Over the years, university studies about customer loyalty have shown businesses that it is more profitable to keep customers than to develop new ones. That is why there are so many customer loyalty programs. Dollar value cash cards, cents off gas rewards, even your local sandwich shop has a free sandwich after you buy 6. Supposedly there is none better than the 3% cash rewards for usage with TXU electric service.

Almost three years ago, I moved to a new home. I had been a loyal TXU customer all of my life. Only after deregulation in Texas for the utilities did I even notice there was competition for my electric bill. Even so, I was quite reluctant to change. So when I moved, I signed up again with TXU. They went through their plans and cash rewards with me on the phone. moving from TXUSince I was in the process of closing, moving, doing hundreds of other important relocation tasks, the TXU phone conversations took place on my cell phone, while I was driving. I had no time to read any of the ‘fine print’. All I remembered was I signed up for 24 months and would get 3% of my electricity kw usage back on a VISA cash card at the end of the year. I started the contract on the first of November, 2009, which meant is would expire the end of October 2011.

Essentially, everything went as expected. No issues or serious billing problems. I got my first reward card in February of 2011. It spent and I was pleased. I also was approached by several friends, and my brother and sister-in-law in particular, to switch to Ambit Energy. I explained that I couldn’t until my 24 months was up. And in December 2011, almost 2 months after my contract was up, I made the switch to Ambit. March 2012 rolls around, and I realize I haven’t gotten a VISA reward card. I call TXU to find out what was wrong. It actually took two calls by me, and a return call from TXU to get to the bottom of the problem. Remember that fine print I didn’t read? It says you only get the VISA card if you are a customer on December 31 of the year. In other words, no matter your 24 month contract, no matter of your fulfilled commitment, you have to be a customer Jan 1-Dec 31. I left TXU on Dec 22.

About six weeks later, I got a marketing call from TXU. They were wanting me to come back as a customer. I explained the issue to the one calling, and he genuinely felt he could get me in contact with someone that could make this right. I was optimistic as he sounded optimistic. So I let him transfer me to someone else, to hear if they could help. To my dismay, they were going to offer me $200 to sign up with them and 3% cash rewards. The $200 was what they were offering BEFORE my tale of the missing 2011 VISA rewards. So in my eyes, I really wasn’t getting my rewards, just the new sign up incentive.

Today comes another TXU marketing call. Now it has been three or four months since the previous marketing call. This first line caller sounded much more authoritative. She had a $250 sign up offer.
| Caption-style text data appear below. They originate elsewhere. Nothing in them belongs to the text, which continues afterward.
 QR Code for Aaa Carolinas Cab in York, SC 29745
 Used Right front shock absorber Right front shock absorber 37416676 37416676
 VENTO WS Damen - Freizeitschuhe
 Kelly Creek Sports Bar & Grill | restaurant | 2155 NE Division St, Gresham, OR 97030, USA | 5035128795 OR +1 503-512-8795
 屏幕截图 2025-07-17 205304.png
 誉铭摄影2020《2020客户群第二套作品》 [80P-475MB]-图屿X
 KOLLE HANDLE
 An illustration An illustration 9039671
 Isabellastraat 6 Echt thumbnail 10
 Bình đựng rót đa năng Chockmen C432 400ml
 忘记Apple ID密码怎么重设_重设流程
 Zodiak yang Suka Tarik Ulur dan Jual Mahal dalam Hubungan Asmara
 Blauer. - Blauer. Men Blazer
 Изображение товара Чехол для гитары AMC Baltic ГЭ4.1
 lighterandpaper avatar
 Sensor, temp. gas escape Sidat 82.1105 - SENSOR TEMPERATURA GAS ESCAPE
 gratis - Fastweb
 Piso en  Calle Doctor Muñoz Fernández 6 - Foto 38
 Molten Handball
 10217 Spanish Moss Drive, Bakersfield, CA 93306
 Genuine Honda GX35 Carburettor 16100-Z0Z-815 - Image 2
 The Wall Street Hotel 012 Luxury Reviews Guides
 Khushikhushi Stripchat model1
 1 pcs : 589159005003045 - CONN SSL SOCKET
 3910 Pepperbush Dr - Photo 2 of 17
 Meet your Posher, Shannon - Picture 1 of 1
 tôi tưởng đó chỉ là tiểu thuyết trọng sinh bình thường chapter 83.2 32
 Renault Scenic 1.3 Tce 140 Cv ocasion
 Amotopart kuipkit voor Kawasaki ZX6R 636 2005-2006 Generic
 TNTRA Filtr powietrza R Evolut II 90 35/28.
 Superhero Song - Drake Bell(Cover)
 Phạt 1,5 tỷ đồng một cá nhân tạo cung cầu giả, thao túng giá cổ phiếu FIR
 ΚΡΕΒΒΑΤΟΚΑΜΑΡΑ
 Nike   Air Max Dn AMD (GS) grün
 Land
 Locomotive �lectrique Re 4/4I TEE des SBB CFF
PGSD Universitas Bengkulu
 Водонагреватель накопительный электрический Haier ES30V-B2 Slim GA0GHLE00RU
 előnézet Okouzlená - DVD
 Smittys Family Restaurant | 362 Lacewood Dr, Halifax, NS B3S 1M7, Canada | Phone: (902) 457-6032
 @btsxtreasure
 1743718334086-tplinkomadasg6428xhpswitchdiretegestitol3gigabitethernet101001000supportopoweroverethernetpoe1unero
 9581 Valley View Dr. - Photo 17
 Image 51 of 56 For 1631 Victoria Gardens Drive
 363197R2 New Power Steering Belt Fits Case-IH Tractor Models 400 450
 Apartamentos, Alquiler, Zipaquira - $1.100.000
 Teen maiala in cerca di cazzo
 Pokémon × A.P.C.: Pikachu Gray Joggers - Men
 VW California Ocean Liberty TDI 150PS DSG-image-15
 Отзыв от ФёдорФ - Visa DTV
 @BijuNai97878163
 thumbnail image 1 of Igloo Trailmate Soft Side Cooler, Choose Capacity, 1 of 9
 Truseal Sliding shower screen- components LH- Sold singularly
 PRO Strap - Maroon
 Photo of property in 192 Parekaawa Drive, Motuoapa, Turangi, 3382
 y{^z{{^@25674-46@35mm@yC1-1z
When I explained that I would only come back to TXU when I got my 3% VISA rewards for 2011, she offered to bump the sign up to $350. Now we’re getting somewhere. All I needed to do before signing up, was to see her offer in writing. You won’t believe what she told me. “This offer is made right now over the phone.” She said I could sign up because they have a 30 day money back guarantee. If after I sign up, it’s not like she said, I can’t cancel. Do you know what kind of hassle electric billing transfer is? I told her it boils down to this: I will accept her offer she has made to me over the phone if I can review it, either online, email or written before I will sign up. If this is not possible, then there is nothing further to discuss.

As of this article, I am still with Ambit Energy.